TLDR
- Cryptocurrency markets experienced approximately $1.84 billion in leveraged position liquidations within a 24-hour period — marking the most severe purge since February 5
- Bullish traders suffered disproportionately, with $1.66 billion in long positions eliminated compared to merely $180 million in short positions
- Bitcoin long positions accounted for $883 million in losses, including a massive $59.67 million BTC-USDT long liquidation on the HTX platform
- Escalating geopolitical tensions between the United States and Iran, combined with climbing oil prices, are cited as primary catalysts for the market downturn
- Institutional Bitcoin ETF products experienced $3.5 billion in capital flight across the most recent 10 trading sessions, intensifying downward price momentum
Cryptocurrency markets endured their most devastating liquidation cascade since the beginning of February, erasing nearly $1.84 billion in leveraged trading positions within a single day. Bitcoin tumbled beneath the $66,000 threshold while Ethereum slipped below $1,900 as panic selling intensified across the sector.

Bullish traders absorbed the overwhelming majority of losses. Long positions — wagers anticipating price appreciation — represented $1.66 billion of total liquidations, while bearish short positions comprised a mere $180 million, based on CoinGlass tracking data.
Bitcoin long liquidations dominated the carnage at $883.66 million. Ethereum bulls suffered $475.73 million in forced closures, with Solana longs contributing an additional $91.18 million. Remaining liquidations were distributed among various cryptocurrencies including Dogecoin, BNB, and numerous altcoins.
The most substantial individual liquidation involved a $59.67 million Bitcoin-USDT long trade forcibly closed on the HTX exchange platform.
Exchange-by-Exchange Breakdown
Binance dominated liquidation volume, processing $748 million — representing approximately 41% of total market liquidations — with long positions comprising 89% of that figure. Hyperliquid handled $314 million in forced closures, with longs accounting for 94%. Bybit recorded $247 million with 93% attributed to long positions.

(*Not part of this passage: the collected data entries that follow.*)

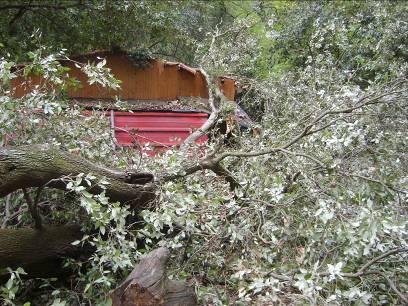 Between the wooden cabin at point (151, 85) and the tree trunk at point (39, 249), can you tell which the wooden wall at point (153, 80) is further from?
the tree trunk at point (39, 249)

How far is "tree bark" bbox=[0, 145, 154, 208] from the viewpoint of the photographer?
278 cm

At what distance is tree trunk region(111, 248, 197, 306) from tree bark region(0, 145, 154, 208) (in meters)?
0.75

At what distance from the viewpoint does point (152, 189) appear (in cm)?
341

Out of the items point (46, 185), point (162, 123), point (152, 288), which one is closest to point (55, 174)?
point (46, 185)

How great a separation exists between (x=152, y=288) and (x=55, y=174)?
3.39 ft

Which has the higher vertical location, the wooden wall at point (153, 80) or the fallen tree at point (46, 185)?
the wooden wall at point (153, 80)

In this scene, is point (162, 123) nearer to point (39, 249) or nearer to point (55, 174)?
point (39, 249)

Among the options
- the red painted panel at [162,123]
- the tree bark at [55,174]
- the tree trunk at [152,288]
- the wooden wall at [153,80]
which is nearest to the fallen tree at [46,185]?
the tree bark at [55,174]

The liquidation event impacted more than 224,500 individual market participants.
Counterintuitively, Bitcoin open interest expanded during the downturn. The metric increased from approximately 759,000 BTC to 788,600 BTC even as valuations declined. This combination of rising open interest amid falling prices typically indicates fresh short positions entering the market, signaling growing bearish sentiment among traders.
Retail market participants across major platforms maintain predominantly bullish positioning. Binance displays a long-to-short ratio of 2.22. OKX shows 2.01, while Bybit registers 1.58. However, large-volume whale accounts on OKX have reversed course to a 0.54 ratio, which CoinGlass characterizes as “extremely bearish.”
Geopolitical Catalysts and Investment Outflows
The market collapse has been attributed to intensifying conflict between the United States and Iran. Iranian officials suspended diplomatic negotiations with Washington and issued threats to potentially blockade the Strait of Hormuz, a critical chokepoint for global petroleum transport. Brent crude oil surged to $93.89 per barrel, climbing 1.88%.
Escalating oil prices combined with geopolitical uncertainty prompted investors to rotate capital into traditional safe-haven assets such as cash reserves and gold, draining liquidity from cryptocurrency markets.
Bitcoin exchange-traded funds compounded the selling pressure. These investment vehicles recorded $3.5 billion in net outflows throughout the previous 10 trading sessions. A $14 million Bitcoin transfer executed by Tether additionally sparked market anxiety and contributed to accelerated selling.
At present valuations, Bitcoin has declined approximately 12% over the weekly timeframe. Ethereum has fallen roughly 5.38% to $1,894. XRP decreased 6.43% to $1.21, Solana dropped 7.54% to $74.92, and Dogecoin retreated 7.05% to $0.093.
Market analysts are closely monitoring the $65,000 support threshold. A decisive breakdown below this technical level could establish a trajectory toward $60,000 in the near term.